According to the World Wildlife Foundation (WWF), “Sea levels are rising and oceans are becoming warmer. Longer, more intense droughts threaten crops, wildlife and freshwater supplies. From polar bears in the Arctic to marine turtles off the coast of Africa, our planet’s diversity of life is at risk from the changing climate.” 

The question then becomes, what can our global society do about this crisis? How can we mitigate the effects of climate change now and into the future? How might we regain a sense of environmental justice? The Earthshot prize aims to address these questions and lead on the way forward, as we enter a new era focused on maintaining a delicate balance between the environment and its inhabitants. 

It is stated in the Qur’an that individuals and societies have a collective responsibility to be good stewards of the natural world. In this vein, the Earthshot Prize mirrors AKDN’s own efforts to find solutions to environmental crises, particularly for communities who are most at risk from climate change. As a Founding Partner of the award, AKDN brings its many decades of experience working to improve quality of life in some of the most environmentally vulnerable habitats in Asia and Africa.
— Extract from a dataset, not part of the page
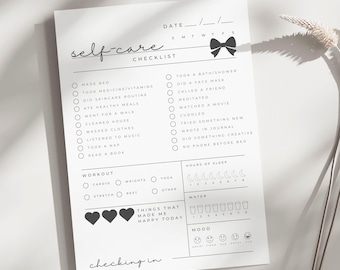 Printable Self-Care Checklist - Daily Self Care Tracker - Black and White Aesthetic Planner - Instant Download - Self Care Habit Tracker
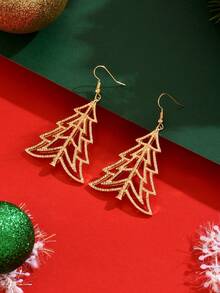 1 Pair Fashionable Metal Christmas Geometric Hollow Christmas Tree Creative Earrings, Christmas Holiday Party Wear Earring Accessories, Holiday Gift Earrings, Christmas Decorations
The inaugural cycle of Earthshot Prizes was awarded to the Republic of Costa Rica for their efforts to protect and restore nature, including doubling the country’s forests since the 1990s; Takachar from India for developing a machine that converts crop residue into biofuel and fertilizer, and reducing smoke emissions by up to 98%; Coral Vita from the Bahamas, which grows coral on land to replant in oceans, and gives life to dying ecosystems; the City of Milan for developing a city-wide food waste policy that recovers food from supermarkets and canteens to distribute to the neediest citizens; and Enapter for its AEM Electrolyser technology that turns renewable electricity into emission-free hydrogen gas, to fuel cars and planes and heat homes.

These winners, along with others working in the field of environmental protection, provide inspiration to individuals and communities around the world, and offer examples of how anyone can do more to help sustain the earth for future generations.

Galeeb Kachra, an environmental scientist consultant who works for government agencies, said, “In the longer term, consider how your career can help the environment, what you can do through civil society, and how you can get involved in reducing your carbon footprint.”

“Take inspiration and examples from the Imam’s guidance on improving Quality of Life by taking care of our environment individually and collectively. Both the AKDN and small civil society groups in our local communities offer many examples, spanning habitat, housing, and humanitarian assistance.” 

Every individual, institution, and organization can commit to this endeavour and do their part, however small it may be, from recycling, reduction of waste, judicial usage of water and fuel, to advocating for zero carbon footprint. As Mr Ruhl concludes, “Don’t do nothing. Tell all your friends to do something. If everybody does something, it would be so fantastic.”